DATA IN THIS EXERCISE |
::::::
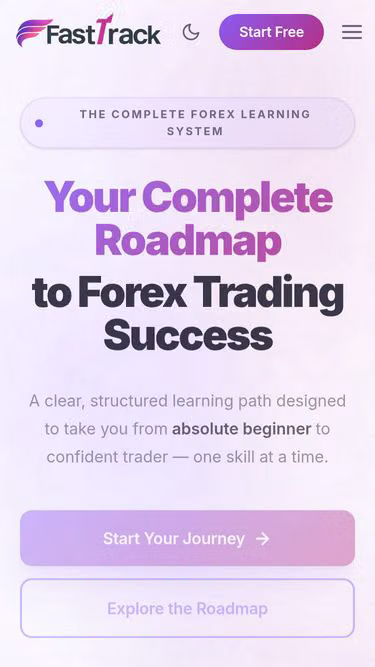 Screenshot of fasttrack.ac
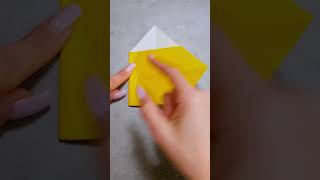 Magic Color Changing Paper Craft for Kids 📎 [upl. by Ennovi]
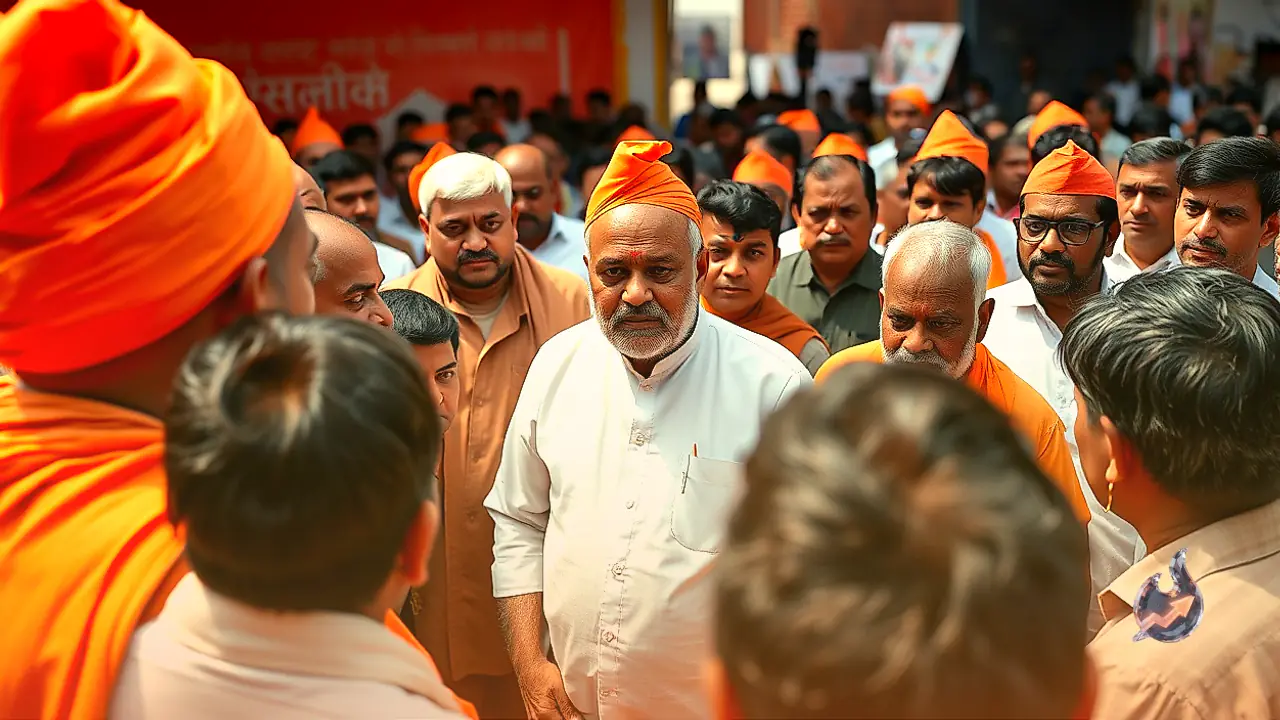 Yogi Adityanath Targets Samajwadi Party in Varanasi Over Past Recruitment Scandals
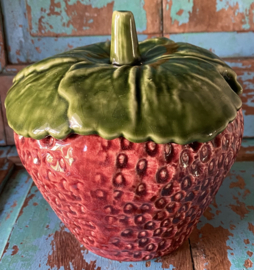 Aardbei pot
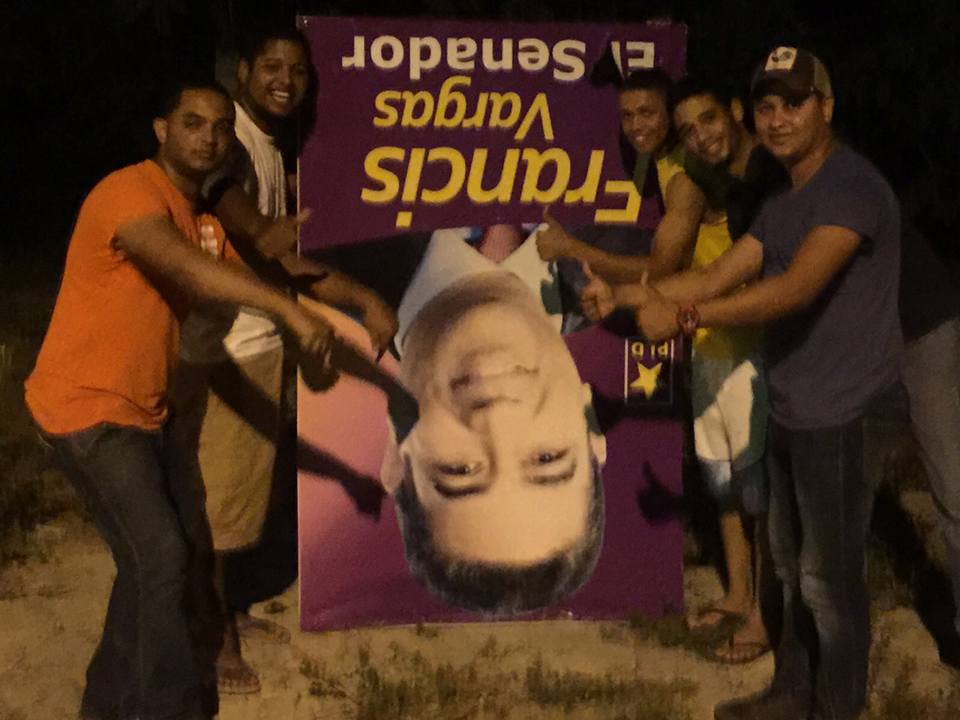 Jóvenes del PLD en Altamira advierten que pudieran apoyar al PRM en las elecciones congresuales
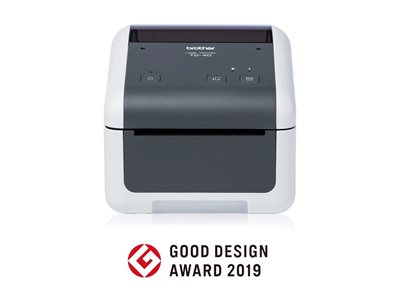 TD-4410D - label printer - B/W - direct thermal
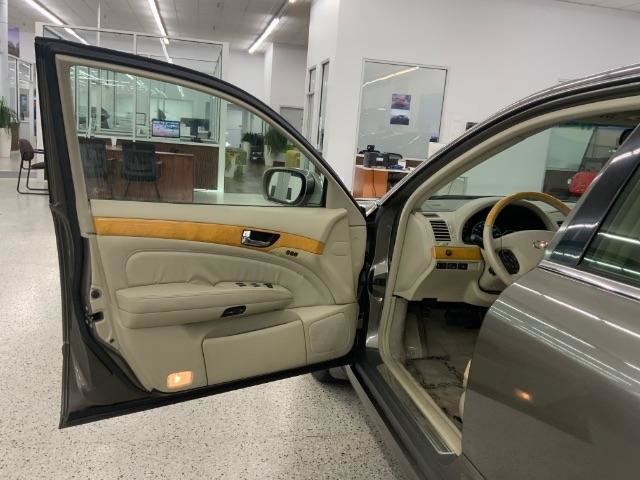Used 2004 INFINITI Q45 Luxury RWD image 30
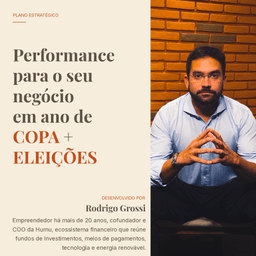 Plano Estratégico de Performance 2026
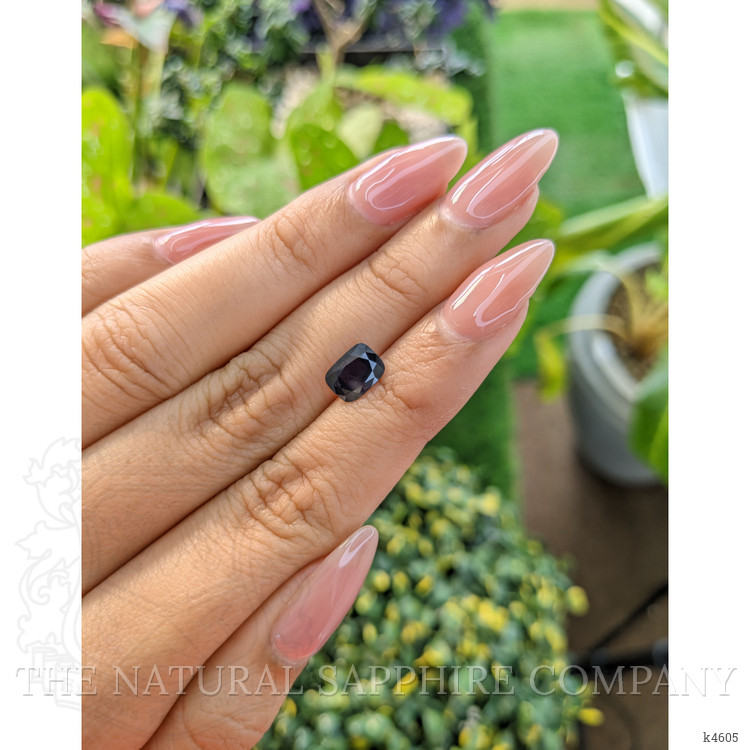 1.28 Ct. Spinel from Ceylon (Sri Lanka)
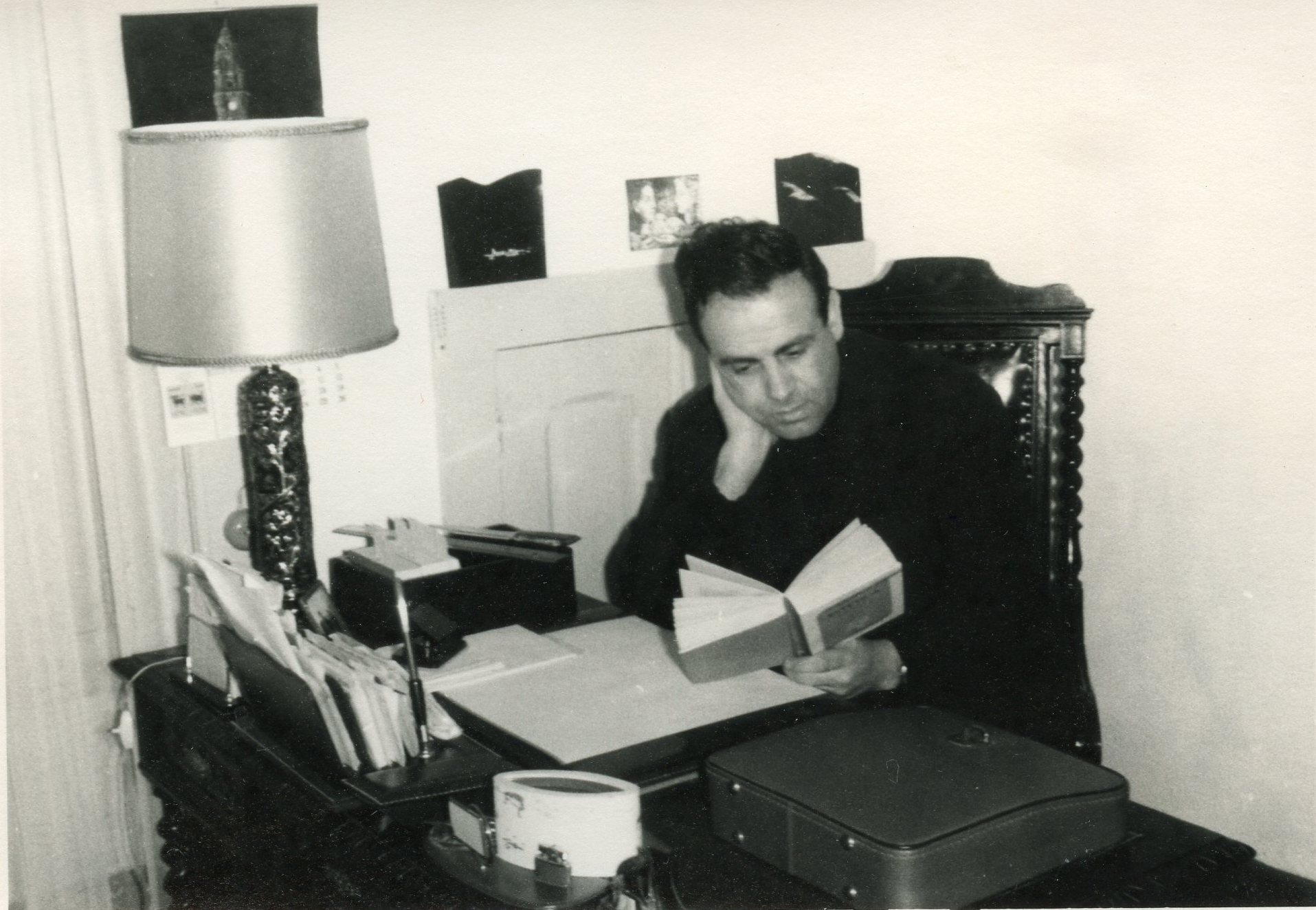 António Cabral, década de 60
::::::
YOUR OBJECTIVE | Write out all the entries exactly, except for the pictures.

THE ANSWER |
 Screenshot of fasttrack.ac
 Magic Color Changing Paper Craft for Kids 📎 [upl. by Ennovi]
 Yogi Adityanath Targets Samajwadi Party in Varanasi Over Past Recruitment Scandals
 Aardbei pot
 Jóvenes del PLD en Altamira advierten que pudieran apoyar al PRM en las elecciones congresuales
 TD-4410D - label printer - B/W - direct thermal
Used 2004 INFINITI Q45 Luxury RWD image 30
 Plano Estratégico de Performance 2026
 1.28 Ct. Spinel from Ceylon (Sri Lanka)
 António Cabral, década de 60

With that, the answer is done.